Innerhalb dieses Wechselspiels streiten sich Ökonomen einzig um die Frage, ob das höhere Angebot die Nachfrage oder die höhere Nachfrage das Angebot in die Höhe treibt – und treiben soll. Spätestens an dieser Stelle mischen sich dann auch Natur- und Konsumschützerinnen, Wachstumsgläubige und Wachstumskritiker in die Debatte ein: Mehr ist besser, sagen Wachstumsgläubige, weniger ist mehr, entgegnen Wachstumskritikerinnen, und zu viel ist zu viel, ergänzen Sachwalter der ausgebeuteten Natur.

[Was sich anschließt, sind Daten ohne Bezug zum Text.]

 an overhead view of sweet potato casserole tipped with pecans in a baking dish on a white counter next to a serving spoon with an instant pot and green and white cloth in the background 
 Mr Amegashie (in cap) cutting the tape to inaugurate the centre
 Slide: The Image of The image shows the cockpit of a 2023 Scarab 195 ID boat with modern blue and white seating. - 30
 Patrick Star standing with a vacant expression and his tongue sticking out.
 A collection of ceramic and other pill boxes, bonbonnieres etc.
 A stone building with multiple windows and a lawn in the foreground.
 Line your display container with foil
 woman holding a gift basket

Die Klimapolitik und der Einfluss der Corona-Epidemie
Bei der fossilen Energie, insbesondere beim Erdöl, spielt neben der Ökonomie und Ökologie auch die Politik eine zentrale Rolle. Zur Vereinfachung blende ich an dieser Stelle die Steuerung der Fördermenge durch Erdölkartelle aus, ebenso Importbeschränkungen, wie sie etwa US-Präsident Donald Trump ankündete, und richte meinen Blick allein auf die Klimapolitik.

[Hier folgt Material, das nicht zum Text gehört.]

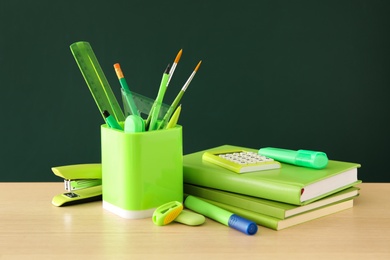 Photo of Different school stationery on wooden table near green chalkboard. Back to school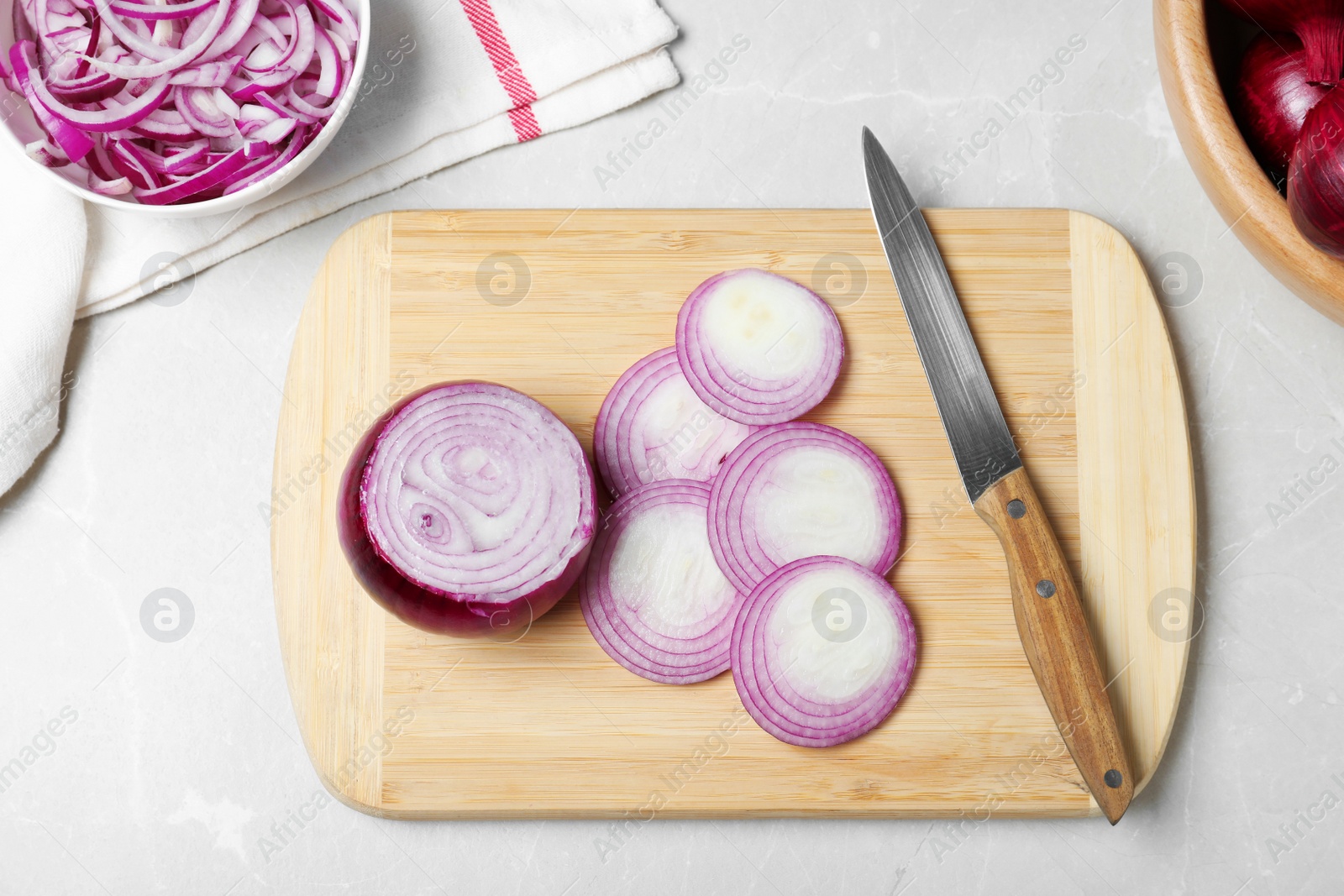 Photo of Wooden board with cut fresh red onion and knife on marble table, flat lay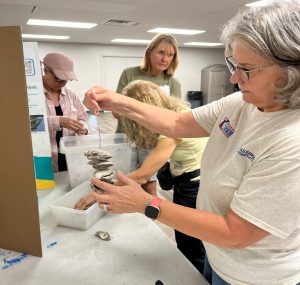 four people around a table. one is holing up a string of oyster shells 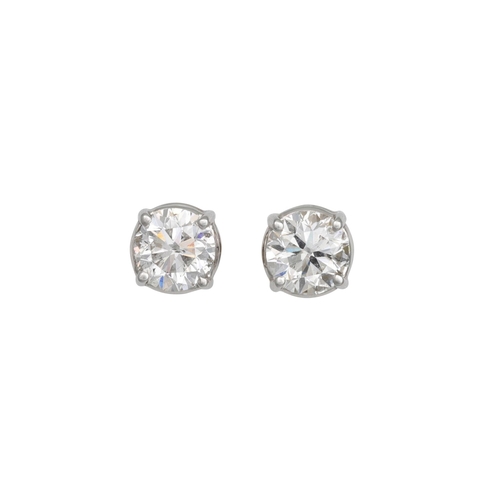 200 - A PAIR OF DIAMOND STUD EARRINGS, the round brilliant cut diamonds mounted in 18ct white gold. Estima... 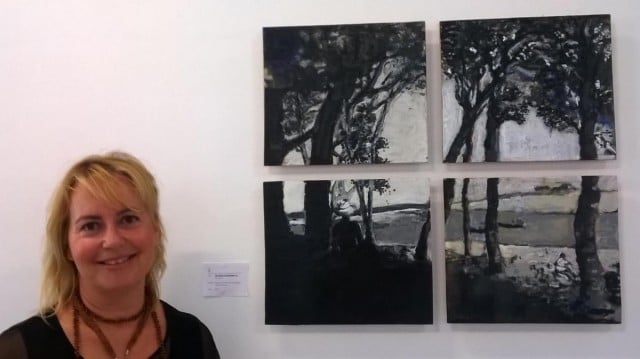 Nadia Cardak with one of several four-panel encaustic paintings which were on show.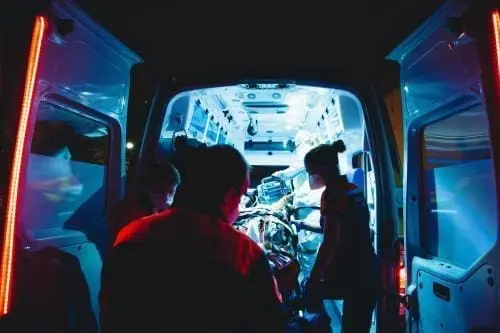 EMTs putting a pateint in an ambulance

Punkto Ziel der Klimapolitik sind sich die meisten Akteure einig – die einen überzeugt, die andern zähneknirschend: Weniger ist mehr, und am besten wäre mittelfristig gar nichts mehr: «Netto null CO2 spätestens bis zum Jahr 2050», also möglichst kein Erdöl, kein Erdgas und keine Kohle mehr, lautet die Konsequenz des 2015 in Paris abgeschlossenen Klimaabkommens.

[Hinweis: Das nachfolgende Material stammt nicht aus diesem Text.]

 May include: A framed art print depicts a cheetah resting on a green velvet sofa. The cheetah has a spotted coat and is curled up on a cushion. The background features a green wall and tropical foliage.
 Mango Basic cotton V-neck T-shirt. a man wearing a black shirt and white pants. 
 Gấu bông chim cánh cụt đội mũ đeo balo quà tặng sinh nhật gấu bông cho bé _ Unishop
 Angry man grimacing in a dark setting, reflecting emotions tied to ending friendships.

Doch der langfristige Trend widerspricht dem klimapolitischen Ziel. Seit dem Zweiten Weltkrieg stieg der globale Konsum von Erdöl, Erdgas und Strom stetig. 2019 erreichte die Ölförderung den vorläufigen Gipfel von rund 100 Millionen Fass pro Tag, einzig in den Rezessionsjahren 1974, 1982 und 2009 gab es kleine Knicks in der langfristigen Wachstumskurve. Der Grund: Die klimapolitisch notwendigen Massnahmen waren schwach und zeigten wenig Wirkung.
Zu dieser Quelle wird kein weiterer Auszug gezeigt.